The Wii U Makes a Fun First Impression

So, I bought a WiiU this past weekend. I held out for awhile, but my desire to play ZombiU, as well as the idea of playing Nintendo Land with my kids proved to be too much to resist. And while I haven’t spent a ton of time with the system yet, it’s made a very good first impression on me. Much like the original Wii, Nintendo once again made a console the whole family can enjoy, where fun and accessibility are what drive the design of everything.

This past Sunday morning, I fired up the WiiU and sat down to play Nintendo Land with my six-year old son. I had downloaded all the updates the night before (and they are some PS3-style mammoth updates), so we first jumped into the Mii Maker app. I had my son go get his his 3DS, and we imported his Mii from the handheld onto the new WiiU. The process was simple, and my son loved watching the his Mii jump out of the screen on his 3DS and land in our TV on the WiiU. That’s a great example of Nintendo’s approach–even something little thing like importing your Mii needs to be cute and fun.

The it was on to Nintendo Land  There is definitely a Wii Sports vibe to the collection of minigames, as they serve the purpose of familiarizing you with the console’s features while creating a group gaming experience that’s easy to pick up and play. Nintendo Land is more than what Wii Sports was, though. The games are more substantial, the nostalgia of Nintendo franchises is woven throughout the game, and the WiiU GamePad creates a whole different dynamic, as the player with it often has a completely different role than the Wiimote-using players.

The tour guide of Nintendo Land is a robotic monitor named Monita, who explains the basics of the game. By playing the Nintendo franchise-themed games, you earn play coins that are used to unlock items that you can decorate your Nintendo Land theme park with. Of the multiplayer minigames we played (there are single player ones as well), Takamaru’s Ninja Castle was my son’s favorite. In the game, you swipe the GamePad touch screen to throw ninja stars at waves of ninjas as you try to save a princess version of Monita, who’s been kidnapped.

My favorite was Luigi’s Ghost Mansion. The game makes great use of the GamePad, as the player using it is the ghost, who chases the Wiimote-using players around different floors of the mansion. The ghost is invisible, only appearing on the TV when a player shines their flashlight on it. But the GamePad user who is controlling the ghost can see his character as well as all the players on the GamePad screen. Each round is a maximum of five minutes long, and up to five people can play together. It’s a blast.

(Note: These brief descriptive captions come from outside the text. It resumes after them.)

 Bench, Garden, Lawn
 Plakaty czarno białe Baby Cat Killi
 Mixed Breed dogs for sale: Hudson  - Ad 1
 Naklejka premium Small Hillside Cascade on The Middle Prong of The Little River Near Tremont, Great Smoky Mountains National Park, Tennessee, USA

My first couple of hours with the WiiU have been great, and served as a reminder that I don’t want the WiiU to be like the Xbox 720 or the PlayStation 4. Nintendo has always been comfortable creating their own space in the gaming hobby, and they seem to be the only one of the big three really interested in being accessible to younger and casual gamers. Those of us with kids appreciate that, and for the gaming experiences that the WiiU can’t provide, there are other options out there.

P.S. I’ll talk about ZombiU after I spend some more time with it, but I will say that the similarities to Demon’s Souls/Dark Souls jumped right out at me, as my first character did not even survive the game’s introduction.